Stored records
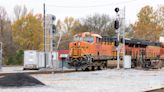 Environmental groups sue BNSF over grizzly bear deaths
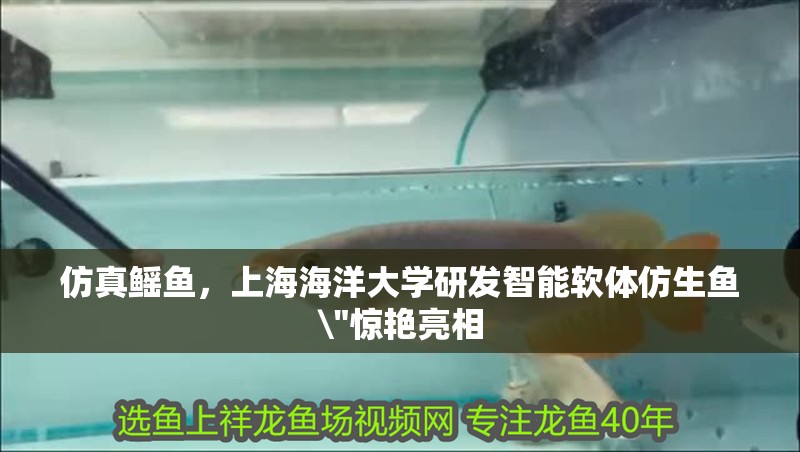 仿真鰩魚，上海海洋大學研發智能軟體仿生魚\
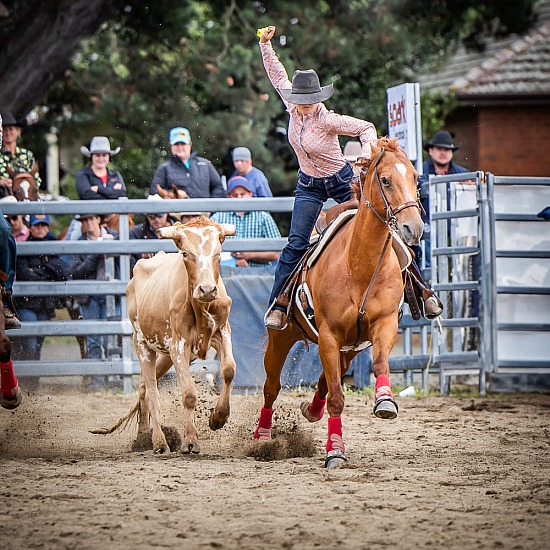 STEER UNDECORATING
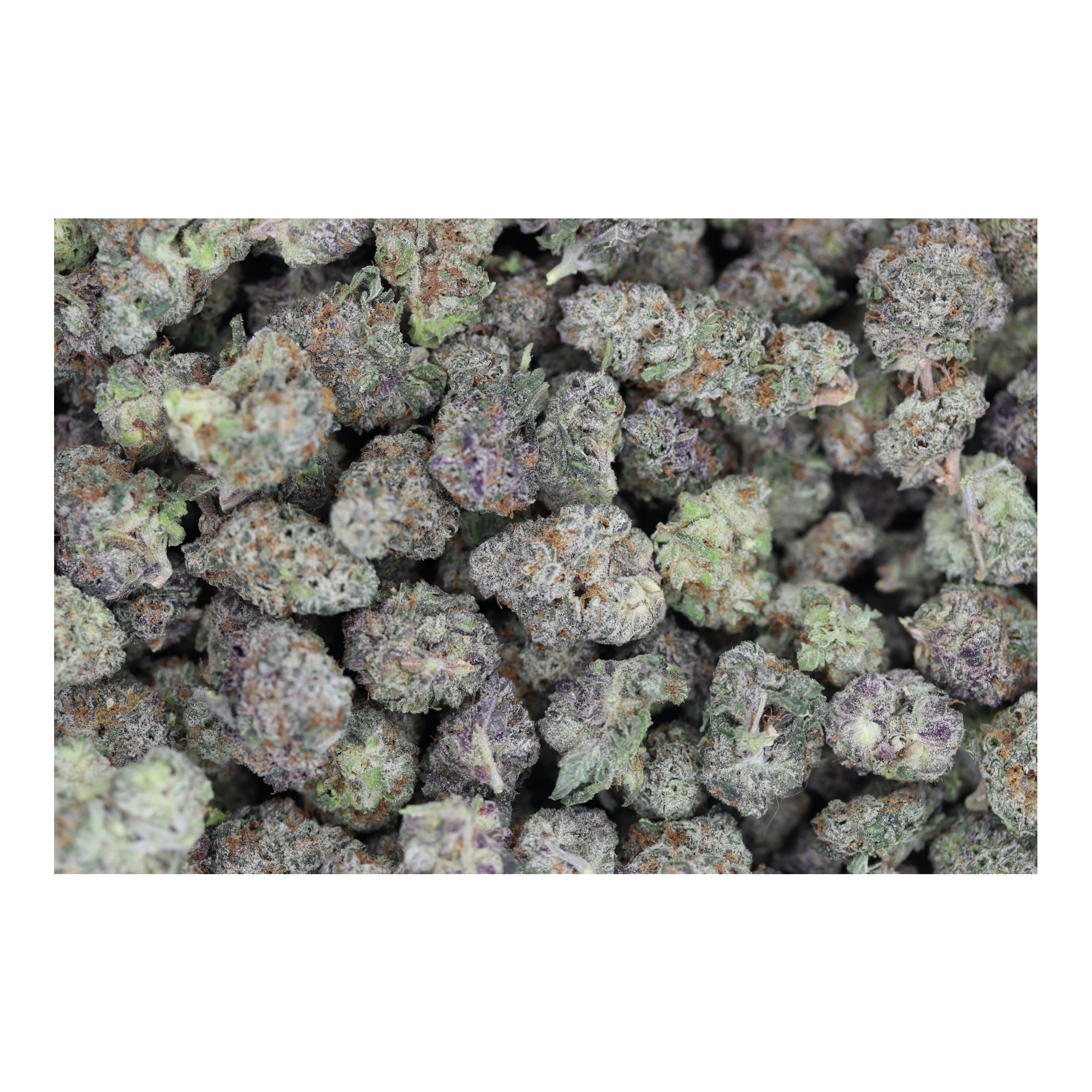 OMFG Smalls (1/2lb) Wholesale Flower bulk OMFG Smalls (1/2lb) Wholesale Flower bulk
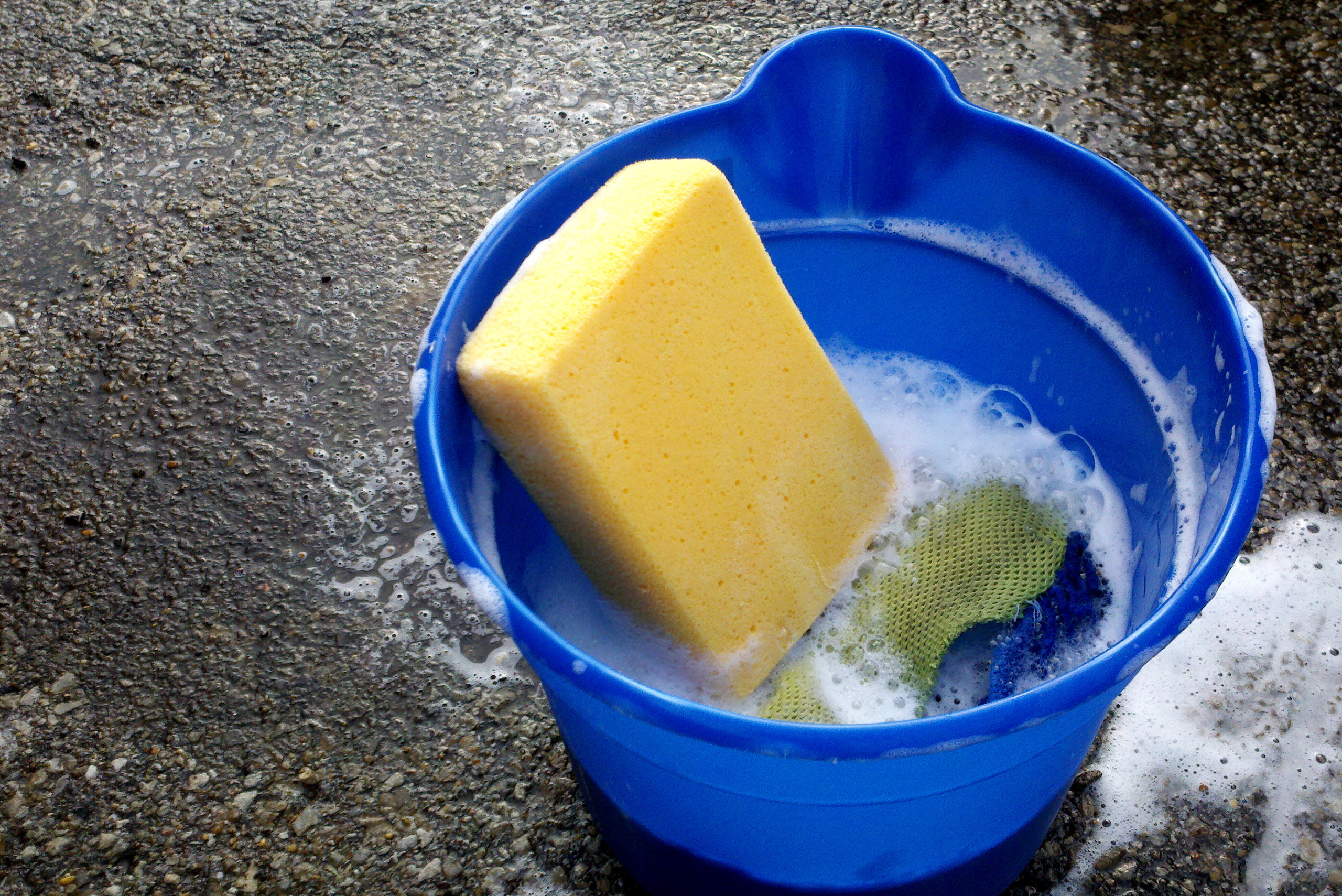 Blue bucket of soapy water and sponge.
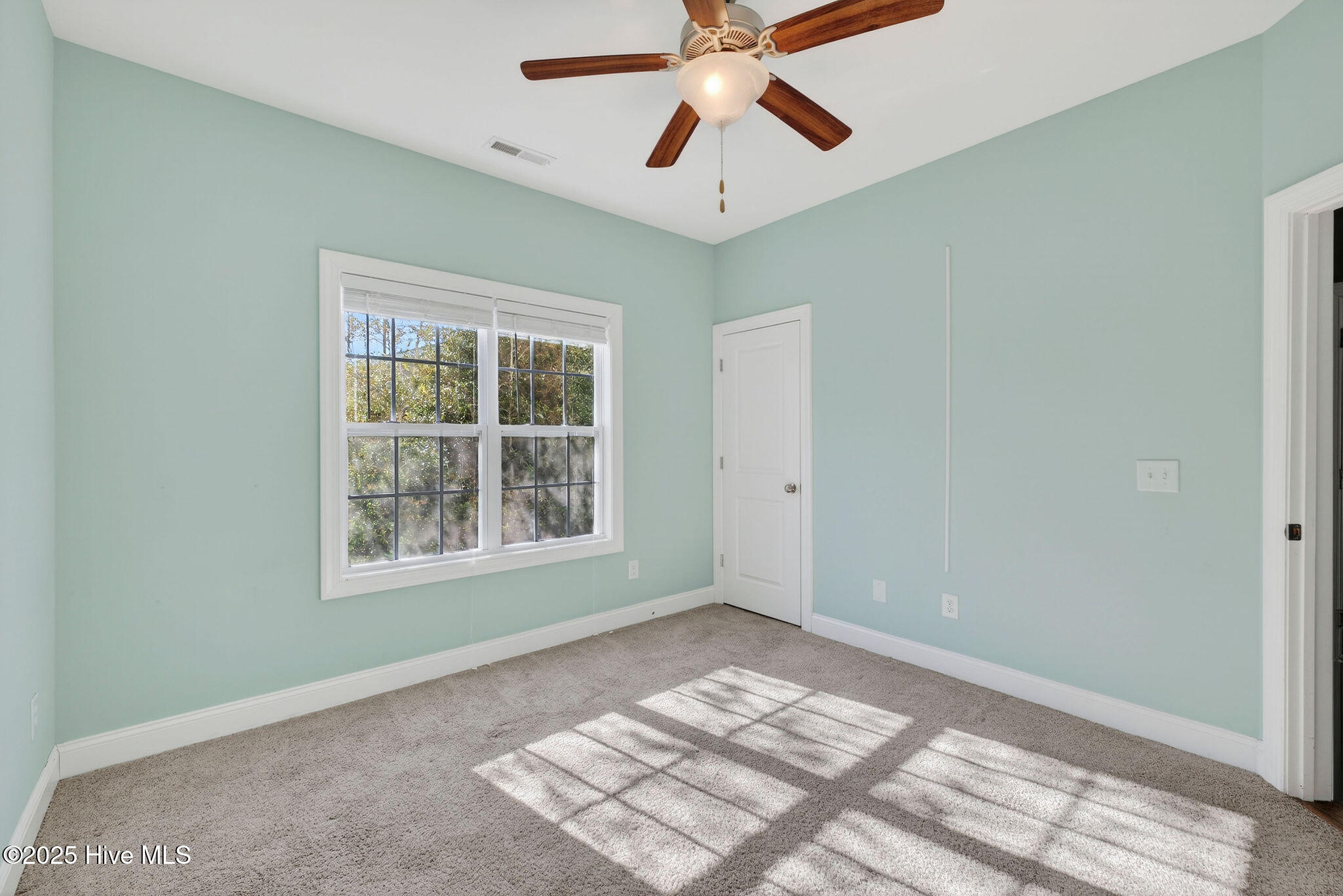 100545937 | Photo 19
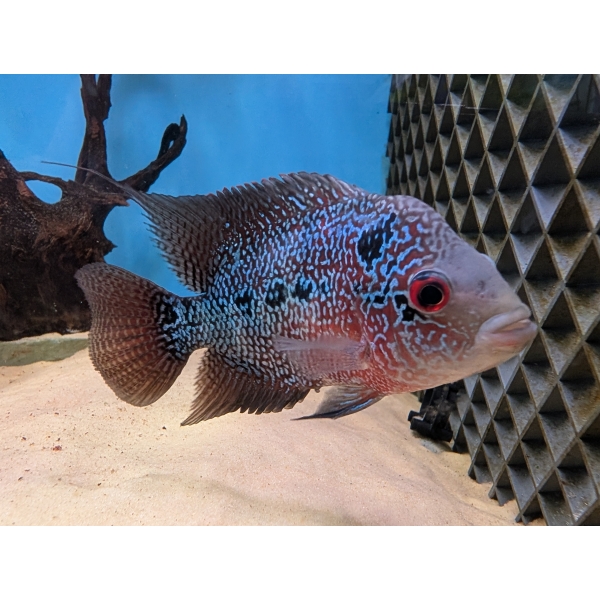 Flowerhorn Female A The Fish Barn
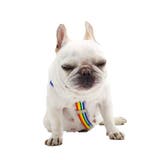 オムツサスペンダー 犬用 ペット用 | PlusNao | 詳細画像4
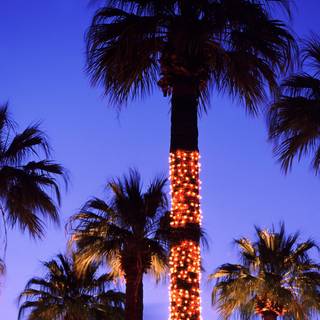 Palm tree Christmas wallpaper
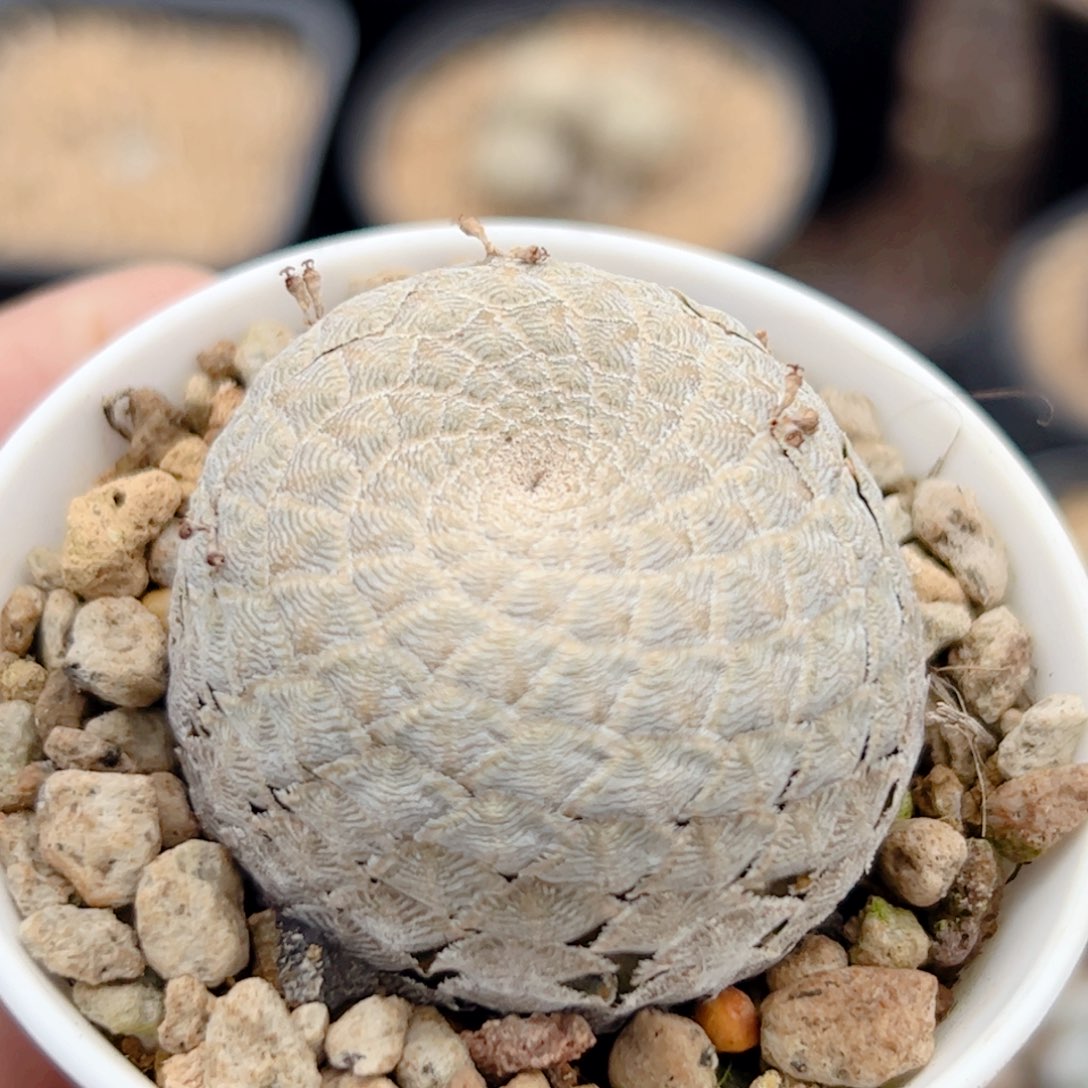 鱼鳞大戟 仙人球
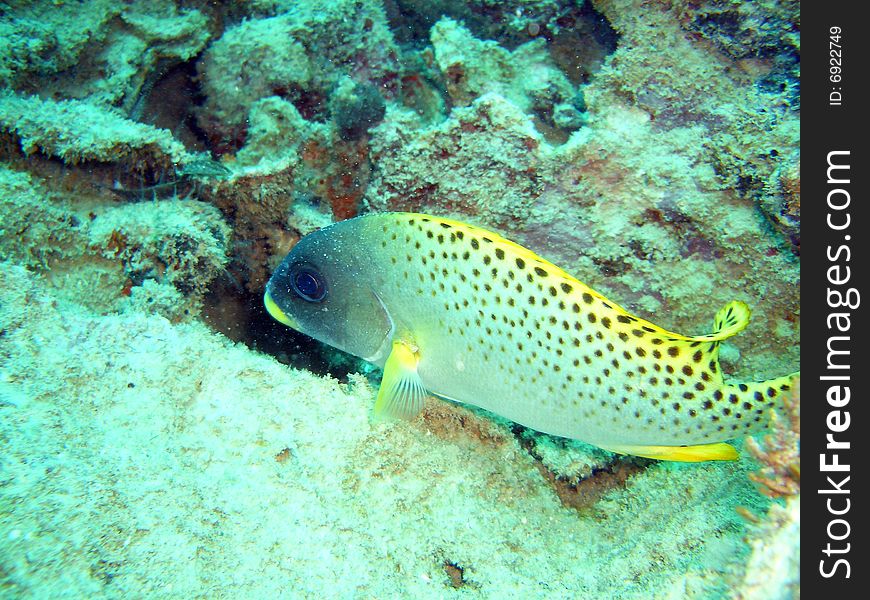 A nice yellow snapper on the reef, Kenya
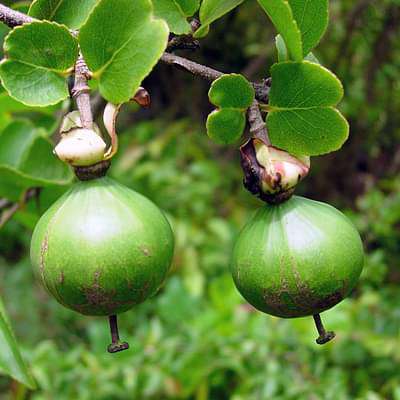 Oncoba spinosa - Plant
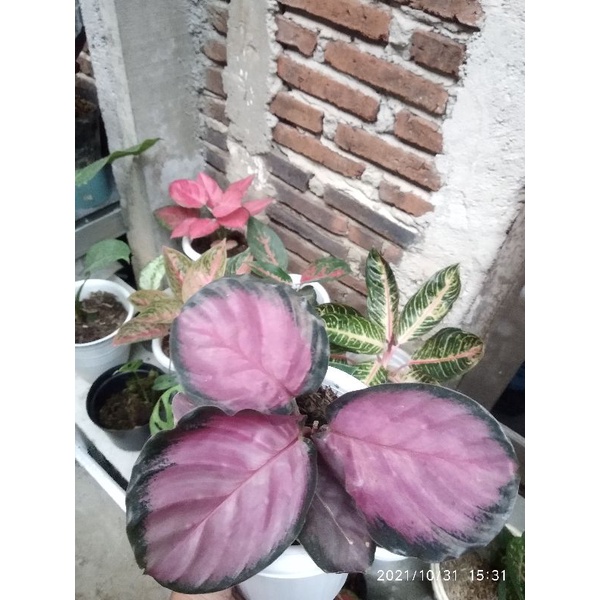 CALATHEA CRIMSON  Anakan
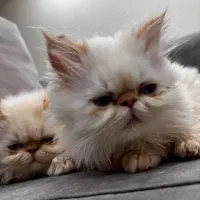 بچه گربه هیمالیا رد نویز|گربه|کیش, |دیوار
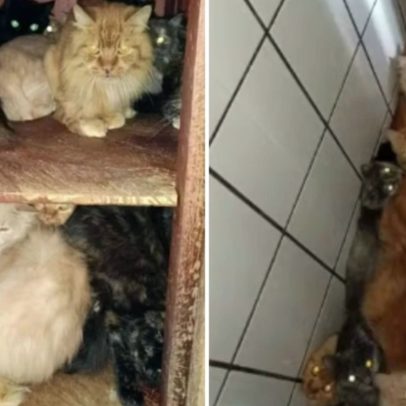Mais de 400 gatos são encontrados em apartamento em Santa Catarina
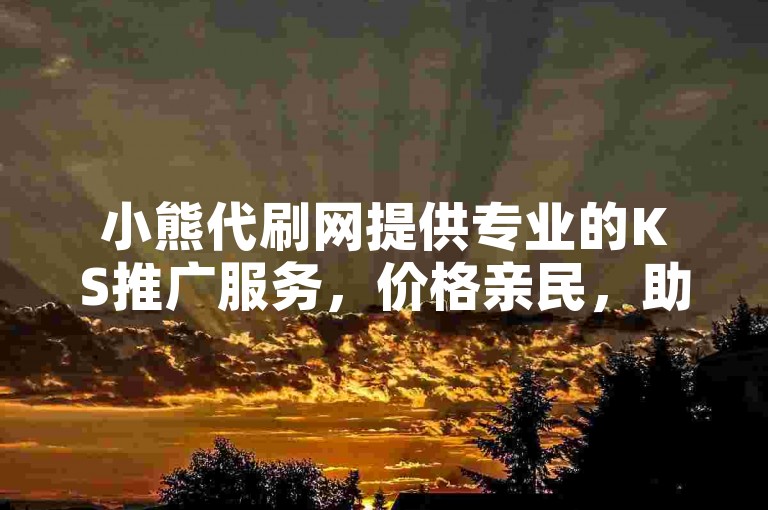 小熊代刷网提供专业的KS推广服务，价格亲民，助力您的业务快速增长。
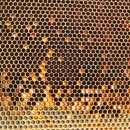 아빠 벌꿀 농장 이미지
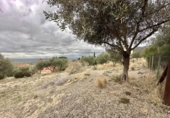 Xalet independent amb terreny en venda a la España, Palau-saverdera, ref.: TR161036 foto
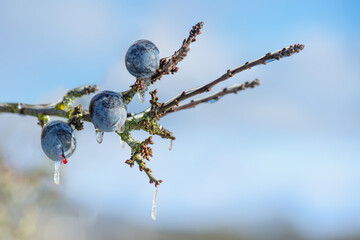 Schlehe gefroren und vereist, ein Schlehenzweig mit Eistropfen, eines morgens bei Frost im Winter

PROBLEM TO WORK ON - For this exercise, reproduce exactly the lines of the records above from the one with "STEER UNDECORATING" up to and including the one with "オムツサスペンダー 犬用 ペット用 | PlusNao | 詳細画像4", without pictures.

OUTPUT FOR THIS EXERCISE -
 STEER UNDECORATING
 OMFG Smalls (1/2lb) Wholesale Flower bulk OMFG Smalls (1/2lb) Wholesale Flower bulk
 Blue bucket of soapy water and sponge.
 100545937 | Photo 19
 Flowerhorn Female A The Fish Barn
 オムツサスペンダー 犬用 ペット用 | PlusNao | 詳細画像4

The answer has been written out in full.